4. Labor formed an additional, contractual component to the Jewish claim to Palestine. Up until 1948, the Jewish claim to a part of Palestine was based on the legal purchase of lands and on the labor put into those lands. While Herzl and Jabotinsky made free use of the terms “colony” and “colonization” and sought to align Zionism with imperial interests, Zionism was not a form of colonialism in the narrow sense. The Jewish national project was never meant to extend the empire of an already extant great power, or to seize access to raw materials and exploit indigenous labor. In the form of state-building institutions, agricultural settlements, and para-governmental agencies, Jewish labor was a proud creation and a central plank of the Zionist movement and of the early state. In spirit, its founders’ intent was to build up a land and to rebuild a people. Indeed, the expropriation of lands in the West Bank and Gaza, the exploitation of cheap Palestinian labor from 1967 until the outbreak of the second Intifada in 2000 did more to undermine the moral legitimacy of the Jewish state than did the social and political exclusions tarnishing the principles and practice of Labor Zionism in its heyday.

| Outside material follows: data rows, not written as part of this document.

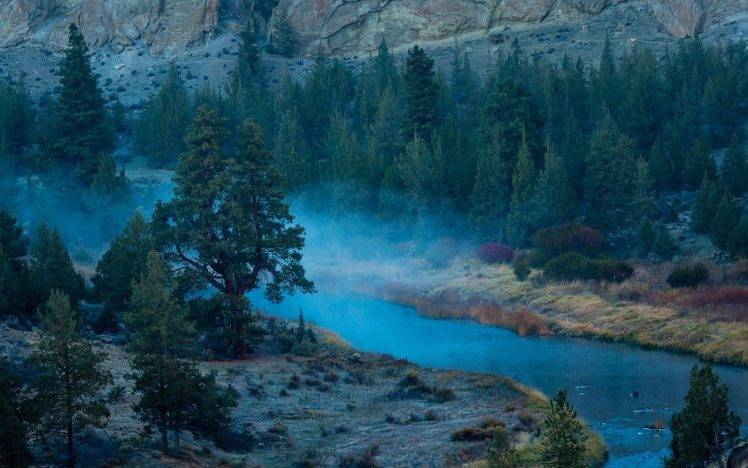 nature, Landscape, River, Mist, Forest, Oregon, Morning, Shrubs, Trees, Mountain, Grass, Blue, Water HD Wallpaper Desktop Background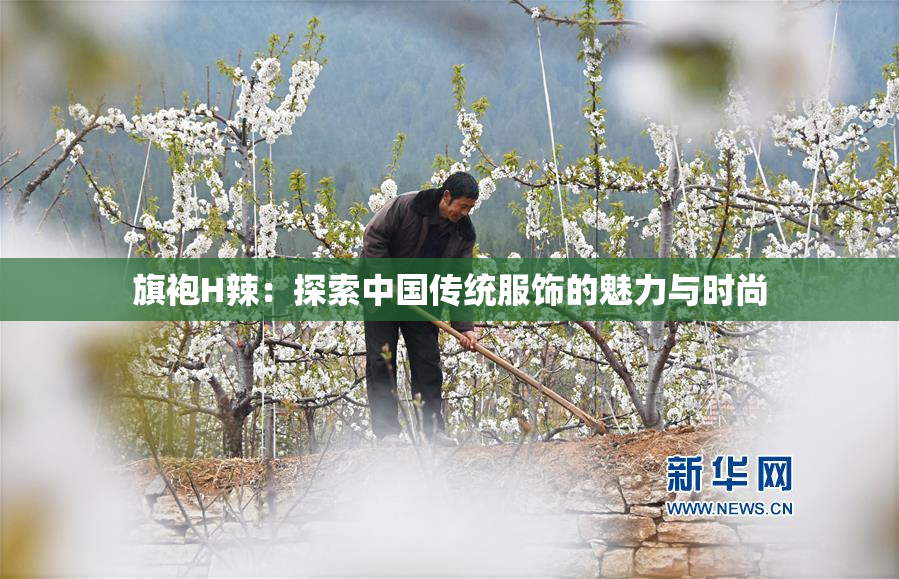 旗袍H辣：探索中国传统服饰的魅力与时尚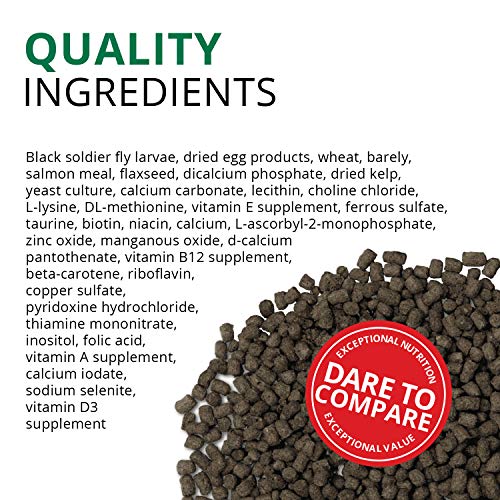 Fluval Bug Bites Turtle Food, Pellets for Small to Medium Sized Turtles, 1.5 oz., A6592, Brown - Image 5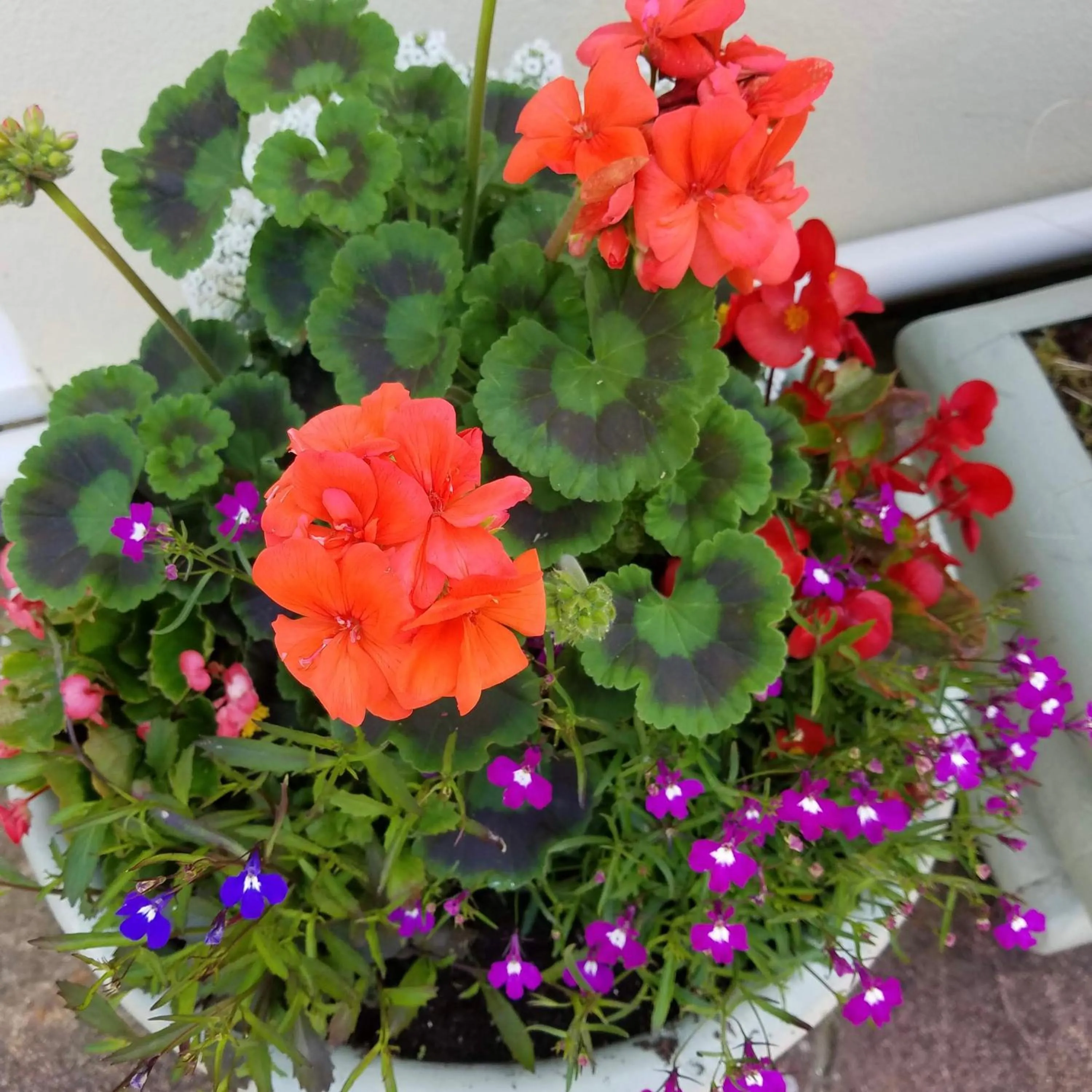 Garden in Eden's Rest Bed and Breakfast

5. A pragmatic basis of right is the willingness to come to agreements with other people. If the first moral trump card of the Zionist movement was the basic right to self-preservation, its final trump card has been the real and perceived willingness to secure international agreements and to accept partition arrangements at key junctures in the conflict’s history (1936, 1947, and 2000[?]). No right is absolute or simply natural. In this respect, Zionism enjoys no moral right to the degree that the State of Israel simply dominates their neighbors and occupies territory beyond internationally agreed upon lines, to the degree that the State does not integrate into the Middle East, its cultures and its future. Like any social group, Zionism secures both a political and moral right to its own border and to its own free self-definition only to the degree that the state founded on its basis seeks to make a genuine, viable space for others both outside and inside the state, to make do with minimal political needs, while forfeiting ideologically and religiously inspired surplus goods and privileges, the demand for which necessarily comes at the expense of another people.
(Zachary Braiterman, “Zionism” in Martin Kavka, Zachary Braiterman, and David Novak (eds.), Cambridge History of Jewish Philosophy: The Modern Era, (Cambridge: Cambridge University Press, 2012), pp.628-30.)